## EXERCISE
Give the data again exactly, without images.

----- DATA FOR THIS EXERCISE

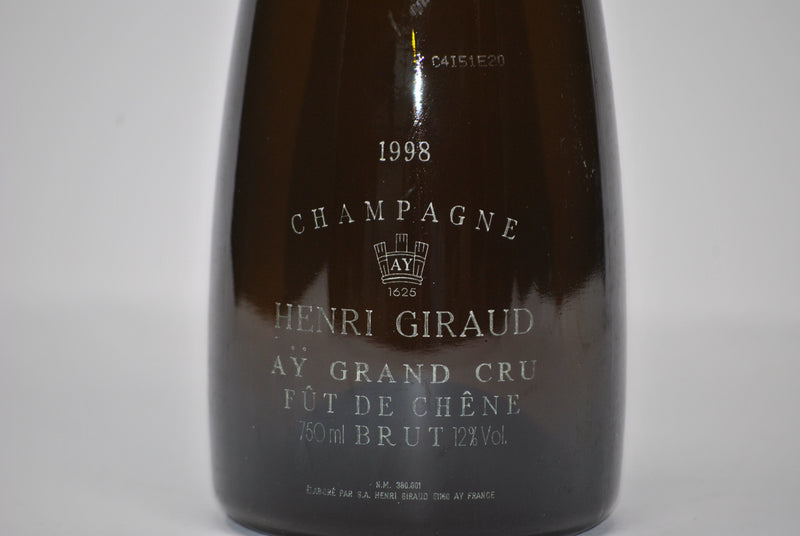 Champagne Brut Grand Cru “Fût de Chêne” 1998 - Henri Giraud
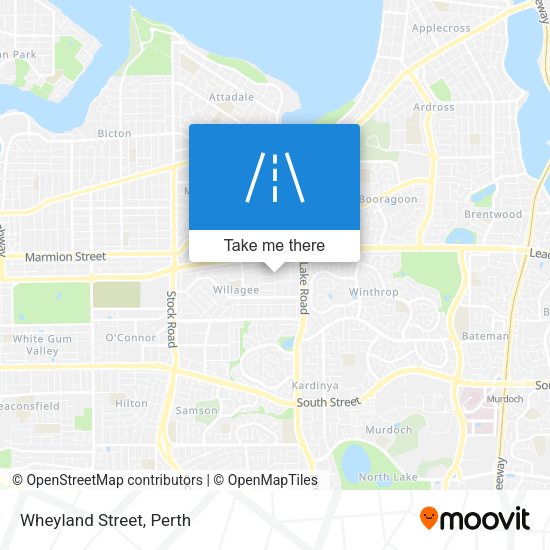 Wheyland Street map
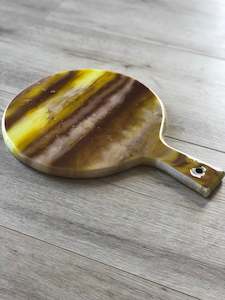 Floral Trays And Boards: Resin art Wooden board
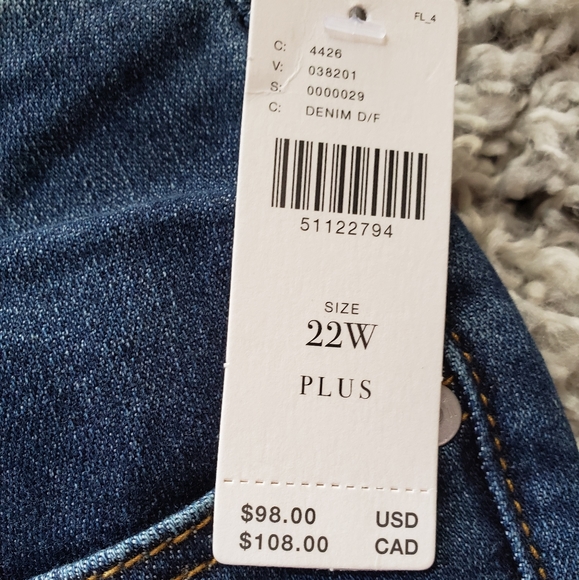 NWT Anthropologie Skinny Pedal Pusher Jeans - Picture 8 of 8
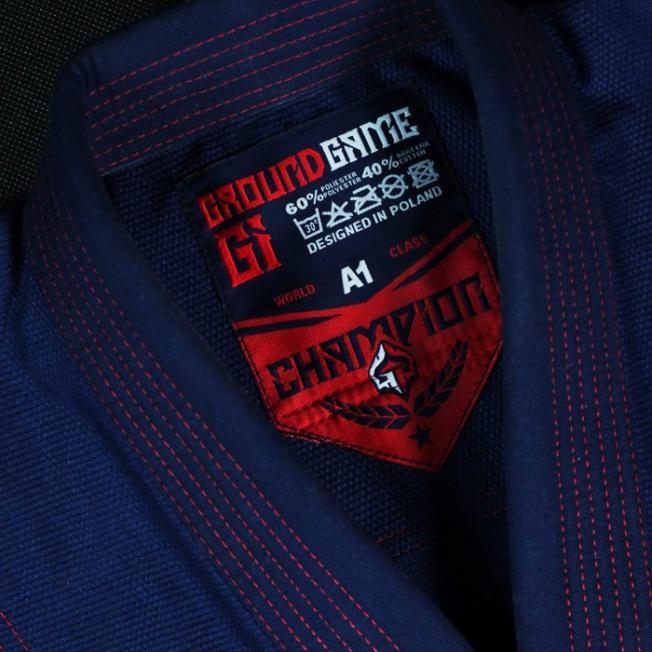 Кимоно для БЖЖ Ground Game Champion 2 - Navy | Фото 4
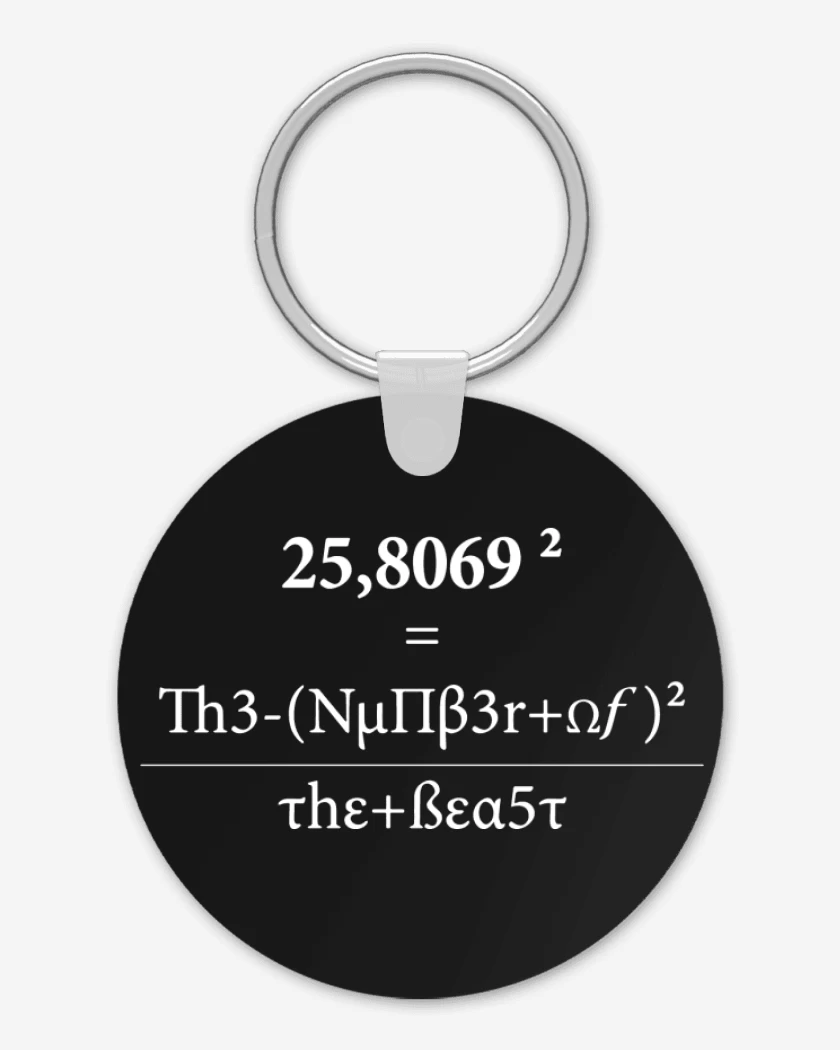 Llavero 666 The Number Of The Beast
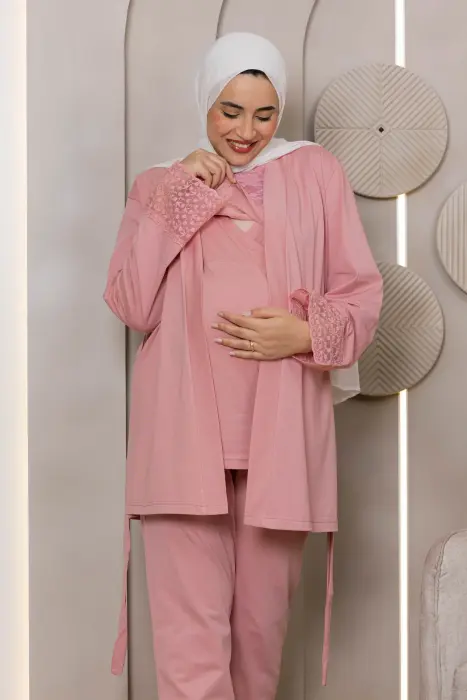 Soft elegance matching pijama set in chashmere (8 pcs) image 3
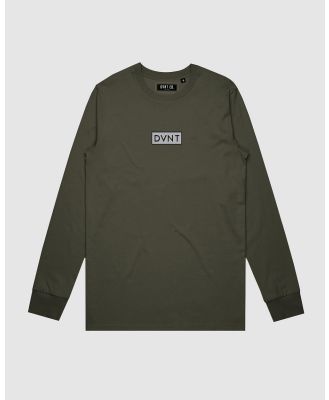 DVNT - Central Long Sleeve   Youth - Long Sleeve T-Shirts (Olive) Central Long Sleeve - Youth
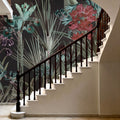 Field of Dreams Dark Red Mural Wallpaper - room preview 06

----------

## EXPECTED OUTPUT
 Champagne Brut Grand Cru “Fût de Chêne” 1998 - Henri Giraud
 Wheyland Street map
 Floral Trays And Boards: Resin art Wooden board
 NWT Anthropologie Skinny Pedal Pusher Jeans - Picture 8 of 8
 Кимоно для БЖЖ Ground Game Champion 2 - Navy | Фото 4
 Llavero 666 The Number Of The Beast
 Soft elegance matching pijama set in chashmere (8 pcs) image 3
 DVNT - Central Long Sleeve   Youth - Long Sleeve T-Shirts (Olive) Central Long Sleeve - Youth
 Field of Dreams Dark Red Mural Wallpaper - room preview 06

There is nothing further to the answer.